The threat data sources chosen by the organisation should be based on how relevant the data is to its industry, places of operation, the types of assets owned, and the organisation's adversaries.

Each source includes metadata to help with prioritisation and turning data into intelligence, which reduces the frequency of false positives a security team has to deal with as it actions this intelligence and supports longer-term defensive planning.

The most relevant and timely intelligence may come from attacks or breaches of the organisation's own environment.

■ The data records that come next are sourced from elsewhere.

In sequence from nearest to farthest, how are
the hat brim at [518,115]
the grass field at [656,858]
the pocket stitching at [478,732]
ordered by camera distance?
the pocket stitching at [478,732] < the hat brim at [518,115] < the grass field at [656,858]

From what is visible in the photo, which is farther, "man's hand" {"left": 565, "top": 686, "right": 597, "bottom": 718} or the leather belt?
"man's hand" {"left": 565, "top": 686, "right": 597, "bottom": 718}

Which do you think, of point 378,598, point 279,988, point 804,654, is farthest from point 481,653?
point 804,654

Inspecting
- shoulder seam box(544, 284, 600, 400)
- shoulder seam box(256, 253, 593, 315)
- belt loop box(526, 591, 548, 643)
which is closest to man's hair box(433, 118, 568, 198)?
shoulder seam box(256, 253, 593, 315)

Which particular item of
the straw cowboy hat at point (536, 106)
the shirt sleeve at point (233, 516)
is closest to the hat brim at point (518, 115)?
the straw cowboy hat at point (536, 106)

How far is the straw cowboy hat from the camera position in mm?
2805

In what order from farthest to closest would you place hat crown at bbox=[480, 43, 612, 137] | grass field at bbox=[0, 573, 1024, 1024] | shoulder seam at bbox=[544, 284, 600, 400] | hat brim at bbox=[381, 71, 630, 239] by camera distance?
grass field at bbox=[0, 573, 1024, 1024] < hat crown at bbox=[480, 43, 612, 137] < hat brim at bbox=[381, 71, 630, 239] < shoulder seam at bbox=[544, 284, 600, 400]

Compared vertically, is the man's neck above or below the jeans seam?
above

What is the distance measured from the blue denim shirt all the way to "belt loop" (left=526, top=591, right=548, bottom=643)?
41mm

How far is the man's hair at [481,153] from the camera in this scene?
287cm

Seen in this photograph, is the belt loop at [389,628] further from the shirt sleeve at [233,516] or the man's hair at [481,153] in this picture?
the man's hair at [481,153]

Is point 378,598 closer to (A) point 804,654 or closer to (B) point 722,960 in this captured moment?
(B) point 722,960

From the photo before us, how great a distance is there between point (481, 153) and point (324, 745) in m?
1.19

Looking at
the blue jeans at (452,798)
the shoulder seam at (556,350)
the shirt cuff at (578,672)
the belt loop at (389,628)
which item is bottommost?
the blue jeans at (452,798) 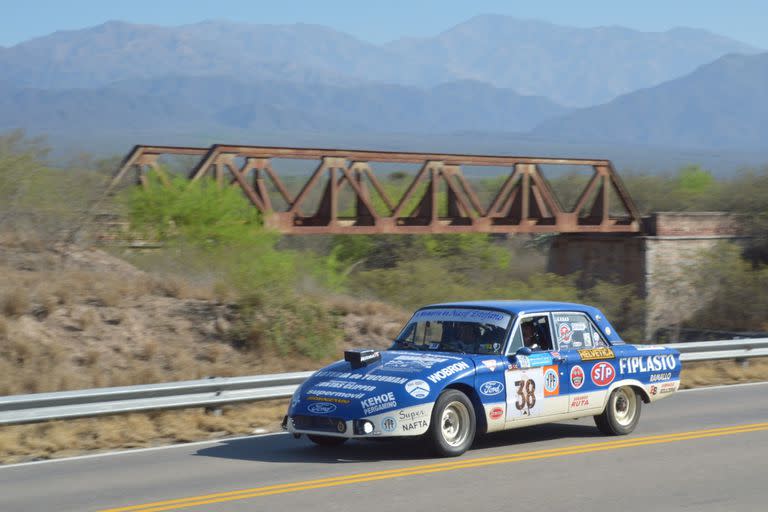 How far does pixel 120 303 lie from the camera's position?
59.2ft

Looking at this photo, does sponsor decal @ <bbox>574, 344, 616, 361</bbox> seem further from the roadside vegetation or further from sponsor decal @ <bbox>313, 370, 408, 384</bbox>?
the roadside vegetation

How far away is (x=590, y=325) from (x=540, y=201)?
68.6ft

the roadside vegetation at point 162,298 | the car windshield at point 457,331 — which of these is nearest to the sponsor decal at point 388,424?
the car windshield at point 457,331

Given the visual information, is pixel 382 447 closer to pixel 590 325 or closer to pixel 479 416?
pixel 479 416

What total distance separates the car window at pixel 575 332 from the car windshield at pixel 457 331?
0.75 m

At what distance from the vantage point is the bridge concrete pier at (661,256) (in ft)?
112

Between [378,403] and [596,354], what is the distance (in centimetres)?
304

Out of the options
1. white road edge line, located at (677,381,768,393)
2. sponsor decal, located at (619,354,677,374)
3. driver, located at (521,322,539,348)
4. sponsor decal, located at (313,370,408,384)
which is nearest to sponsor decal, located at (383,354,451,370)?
sponsor decal, located at (313,370,408,384)

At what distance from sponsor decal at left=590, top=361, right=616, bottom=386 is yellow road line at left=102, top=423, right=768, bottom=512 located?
25.9 inches

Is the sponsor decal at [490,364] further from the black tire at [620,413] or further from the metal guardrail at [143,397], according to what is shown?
the metal guardrail at [143,397]

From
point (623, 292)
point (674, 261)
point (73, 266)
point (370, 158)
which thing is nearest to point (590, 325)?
point (73, 266)

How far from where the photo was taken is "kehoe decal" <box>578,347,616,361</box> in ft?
39.4

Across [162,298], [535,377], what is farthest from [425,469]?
[162,298]

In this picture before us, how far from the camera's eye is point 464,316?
1170cm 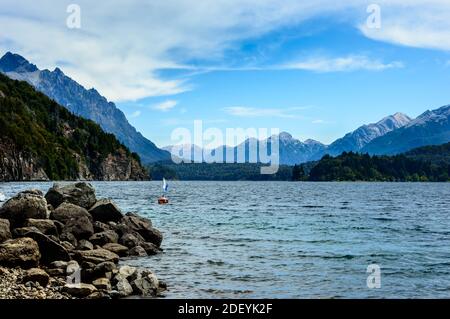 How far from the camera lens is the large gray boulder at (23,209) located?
32781mm

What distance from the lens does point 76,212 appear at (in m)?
36.5

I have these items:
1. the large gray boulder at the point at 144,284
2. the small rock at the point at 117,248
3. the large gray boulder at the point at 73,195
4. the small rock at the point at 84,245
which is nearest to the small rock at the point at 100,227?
the small rock at the point at 117,248

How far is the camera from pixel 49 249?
2867 centimetres

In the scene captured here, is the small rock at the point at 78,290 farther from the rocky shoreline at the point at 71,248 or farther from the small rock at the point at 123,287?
the small rock at the point at 123,287

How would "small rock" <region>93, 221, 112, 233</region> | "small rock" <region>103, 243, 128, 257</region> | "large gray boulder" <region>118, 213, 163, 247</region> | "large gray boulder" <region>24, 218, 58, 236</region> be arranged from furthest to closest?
"large gray boulder" <region>118, 213, 163, 247</region> < "small rock" <region>93, 221, 112, 233</region> < "small rock" <region>103, 243, 128, 257</region> < "large gray boulder" <region>24, 218, 58, 236</region>

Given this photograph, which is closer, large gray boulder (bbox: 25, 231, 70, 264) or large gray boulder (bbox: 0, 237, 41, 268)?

As a result, companies are increasingly shifting their requirements to internal intelligence collection, using phishing email analysis, malware sandboxing, and DNS investigation, as examples of quick wins.

In fact, the latest Gartner market guide for Security Automation, Orchestration and Response (SOAR), labels phishing email analysis as the top use-case mentioned by organisations implementing SOAR.

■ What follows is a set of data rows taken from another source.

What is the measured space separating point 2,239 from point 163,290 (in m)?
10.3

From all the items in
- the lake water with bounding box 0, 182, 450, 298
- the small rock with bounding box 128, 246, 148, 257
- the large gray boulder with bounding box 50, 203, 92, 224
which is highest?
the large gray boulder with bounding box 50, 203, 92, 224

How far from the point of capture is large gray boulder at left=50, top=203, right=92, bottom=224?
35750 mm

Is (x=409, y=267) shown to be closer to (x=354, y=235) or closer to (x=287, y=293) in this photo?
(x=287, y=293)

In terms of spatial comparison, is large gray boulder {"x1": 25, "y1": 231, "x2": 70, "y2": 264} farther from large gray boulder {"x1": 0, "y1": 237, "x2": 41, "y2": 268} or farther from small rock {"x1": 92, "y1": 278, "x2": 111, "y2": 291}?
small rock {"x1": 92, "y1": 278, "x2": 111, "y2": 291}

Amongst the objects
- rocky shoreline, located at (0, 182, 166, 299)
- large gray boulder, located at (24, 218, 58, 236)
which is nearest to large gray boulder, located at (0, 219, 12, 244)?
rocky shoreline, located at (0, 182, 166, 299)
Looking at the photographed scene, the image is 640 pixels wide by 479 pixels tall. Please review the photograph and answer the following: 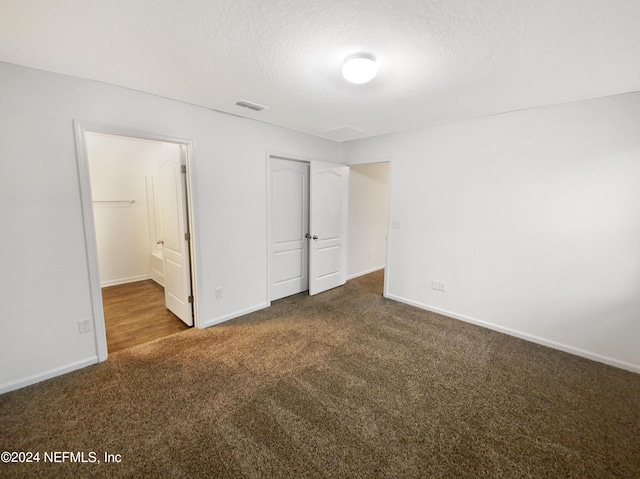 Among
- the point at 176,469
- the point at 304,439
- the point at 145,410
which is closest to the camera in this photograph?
the point at 176,469

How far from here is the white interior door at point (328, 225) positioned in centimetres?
395

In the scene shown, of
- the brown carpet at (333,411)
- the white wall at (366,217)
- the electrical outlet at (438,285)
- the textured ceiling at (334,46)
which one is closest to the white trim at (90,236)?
the brown carpet at (333,411)

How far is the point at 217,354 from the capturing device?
2527 millimetres

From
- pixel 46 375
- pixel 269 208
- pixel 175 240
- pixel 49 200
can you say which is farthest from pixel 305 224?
pixel 46 375

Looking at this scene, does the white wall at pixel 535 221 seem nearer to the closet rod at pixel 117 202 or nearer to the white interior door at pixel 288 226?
the white interior door at pixel 288 226

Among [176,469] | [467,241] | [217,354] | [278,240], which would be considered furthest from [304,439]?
[467,241]

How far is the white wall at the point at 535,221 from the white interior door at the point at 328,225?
962mm

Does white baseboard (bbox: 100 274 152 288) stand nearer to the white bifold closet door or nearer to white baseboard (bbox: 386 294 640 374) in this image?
the white bifold closet door

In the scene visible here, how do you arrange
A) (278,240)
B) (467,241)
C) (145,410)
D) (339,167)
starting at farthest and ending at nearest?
(339,167) → (278,240) → (467,241) → (145,410)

Internally gathered threat data may lack details such as adversary attribution, which this research found was valuable for situational awareness, informing business decision making, and enriching internal intelligence.

This is why a threat intelligence platform (TIP) is beneficial, as it will automatically find any relationships that exist in the data, for example, matching an IoC from an internal source with the same IoC from an external source and merging related intelligence like adversary, campaign and TTPs.

Frameworks, like MITRE ATT-CK, also have a wealth of adversary information, mapped down to the tools, techniques and procedures (TTPs) that each adversary uses, and a TIP can link these attributes to lower-level indicators that ATT-CK specifically avoids due to how often they change.

TIPs utilise scoring to prioritise threat data based on the policies set by the organisation, which allows the security team to broaden its collection of sources without overloading or filtering through false information.

This is why Gartner includes threat intelligence platforms as a core capability for implementing SOAR because effective threat intelligence scoring enables confident automation - with network defence automation listed as the top use-case for threat intelligence according to the research, according to 93% of respondents.

An organisation may not have eight threat data sources to manage right now. However, after a closer look, there is probably more than one source that security analysts are responsible for actioning and managing.

Specifically, think about what internal sources the organisation is not currently leveraging and how these might reduce security risk. It might be time to consider the bigger picture about how best to turn threat data into threat intelligence for confident automation.